How Ostrovsky depicts seduction, greed and vengeance varies, but the most eye-catching images in his paintings are of the women: Undercover agents with long, blond hair clad in lowcut evening gowns, stiletto heels, and wide-brimmed hats that cover their eyes. The handsome male spies always sport expensive suits and hats pulled low over their eyes.

"I’ve taken the image people have of a spy — the hats, the scarves — and placed them as a metaphor," Ostrovsky said. "I made everyone look like that. Now who’s the spy?"

Good question.

Everyone in Ostrovsky’s paintings resembles a spy, at least Hollywood’s version of one. But the reality is, most people would never be able to spot a spy in real life, Ostrovsky said.

A good spy will never be recognizable as such, he said. And Ostrovsky’s appearance itself is anything but remarkable: Dark receding hair, average build, large, tinted glasses, plain button-up shirts, black pants and sneakers.

Ostrovsky, who moved to Scottsdale from Canada two years ago with his wife, Bella, said there’s no place he’d rather be. He said the weather — even when it hits 117 degrees — is beautiful and the people are down to earth.

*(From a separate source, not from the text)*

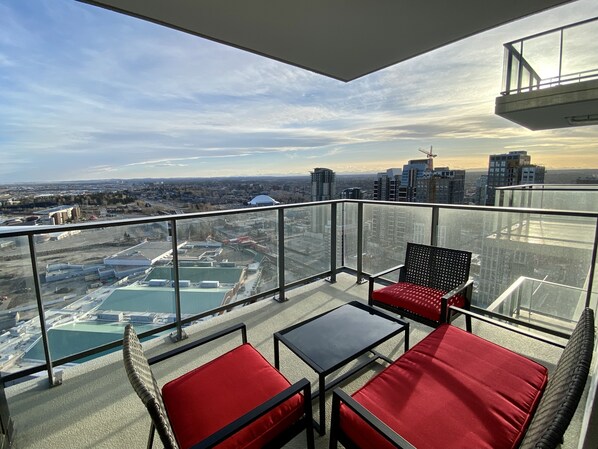 Property grounds - Downtown Luxury Condo in Tallest Tower in 34 floor (Calgary)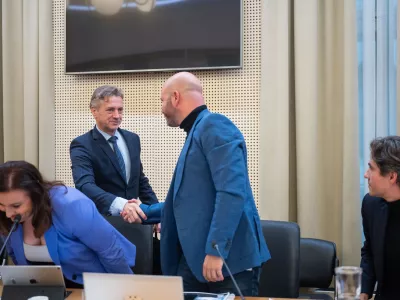 Ljubljana, vlada.Srecanje predsednika vlade Roberta Goloba s predstavniki avtomobilske industrije.Predsednik vlade Robert Golob in drzavni sekretar na gospodarskem ministrstvu Matevz Frangez.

Ostrovsky has gained the respect of local artists and gallery owners, said John Corderman, director of Sonya Smith Galleries, next door to Ostrovsky’s gallery. "It’s very interesting work," he said. "He’s obviously talented."

Corderman said when he learned his neighbor was a former Mossad agent, he was a bit taken aback. "I don’t think one would naturally associate a Mossad person as also being a good artist," he said. "It’s an interesting juxtaposition of one’s skill set."

Ostrovsky has more than espionage and art skills; he’s also a writer.

He has written a handful of fiction and nonfiction books, including the 1990 "By Way of Deception: The Making and Unmaking of a Mossad Officer," and 1994's "The Other Side of Deception: A Rogue Agent Exposes the Mossad’s Secret Agenda."

The Mossad attempted to ban the controversial books, a move that only boosted their popularity, according to a 1995 report published in the Washington Report on Middle East Affairs, a Washington D.C.-based magazine about issues and U.S. policy in the Middle East. "The truth can sometimes be very problematic, and it can be dangerous," Ostrovsky said.

Although the controversy has subsided since the books were published, Ostrovsky is just as busy as ever — painting, writing two new books and opening nine other galleries in the United States and Canada.

It’s been 15 years since he was an agent, but Ostrovsky said the Mossad is always with him. "The Mossad is not something you can lay aside — it’s a way of life, a way of thinking," he said. "It’s something that never leaves you, and you don’t want it to."